A combustion pre-chamber including an upstream end and a downstream end is provided. The combustion pre-chamber includes a transition channel formed by a wall, the wall extending between the upstream end and the downstream end, and at least one flow trip arranged on the wall and tapering in height and width to the downstream end. Also provided are a burner assembly including a combustion pre-chamber, and a gas turbine engine.

Description

This application is the US National Stage of International Application No. PCT/EP2008/053653, filed Mar. 27, 2008 and claims the benefit thereof. The International Application claims the benefits of European Patent Office application No. 07006732.7 EP filed Mar. 30, 2007, both of the applications are incorporated by reference herein in their entirety.

FIELD OF THE INVENTION

The invention relates to a combustion pre-chamber, a burner assembly and a gas turbine engine.

BACKGROUND OF THE INVENTION

Air pollution is a worldwide concern and many countries have enacted stricter laws further limiting the emission of pollutants from gas turbine engines or offer fiscal or other benefits for environmentally sound installations. Although the prior techniques for reducing the emissions of NO_x from gas turbine engines are steps in the right direction, the need for additional improvements remains.

There are two main measures by which reduction of the temperature of the combustion flame can be achieved. The first is to use a fine distribution of fuel in the air, generating a fuel/air mixture with a low fuel fraction. The thermal mass of the excess air present in the reaction zone of a lean premixed combustor absorbs heat and limits the temperature rise of the products of combustion to a level where thermal NO_x is not excessively formed. The second measure is to provide a thorough mixing of fuel and air prior to combustion. The better the mixing, the fewer regions exist where the fuel concentration is significantly higher than average, the fewer the regions reaching higher temperatures than average, the lower the fraction of thermal NO_x will be.

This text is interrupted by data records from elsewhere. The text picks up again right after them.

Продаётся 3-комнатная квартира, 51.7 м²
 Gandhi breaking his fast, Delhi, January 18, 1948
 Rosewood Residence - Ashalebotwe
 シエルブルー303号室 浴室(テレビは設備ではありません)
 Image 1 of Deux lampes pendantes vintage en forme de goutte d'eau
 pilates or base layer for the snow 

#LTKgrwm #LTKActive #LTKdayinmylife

Usually the premixing of fuel and air in a gas turbine engine takes place by injecting fuel into an air stream in a swirling zone of a combustor which is located upstream from the combustion zone. The swirling produces a mixing of fuel and air before the mixture enters the combustion zone.

U.S. Pat. No. 6,152,726 describes a burner, comprising an upstream rotation generator, a mixing section downstream from the upstream rotation generator, at least one transition channel and a mixing pipe downstream from the transition channels and at least one rotation generator on the mixing pipe end side.

Although this kind of burner provides good results with regard to good pollutant emissions, there is still space for improvements.

SUMMARY OF THE INVENTION

An object of the invention is to provide an improved combustion pre-chamber allowing for a better pre-mixing of gaseous fuel and compressor air to provide a homogeneous fuel/air mixture and thereby reduce formation of NO_x. Another objective is to provide a burner assembly with an improved combustion pre-chamber. Still another objective is to provide a gas turbine engine with an improved burner.

These objectives are achieved by the claims. The dependent claims describe advantageous developments and modifications of the invention.

An inventive combustion pre-chamber comprises flow trips arranged on the wall of the pre-chamber to promote fuel/air mixing. The swirling flow inside the pre-chamber encounters these flow trips. The flow trips create vortices that are positioned on the leeward side of the flow trips and have axes parallel to the respective flow trip. This means the vortices will have “axes” extending towards the exit lip at the downstream end of the pre-chamber.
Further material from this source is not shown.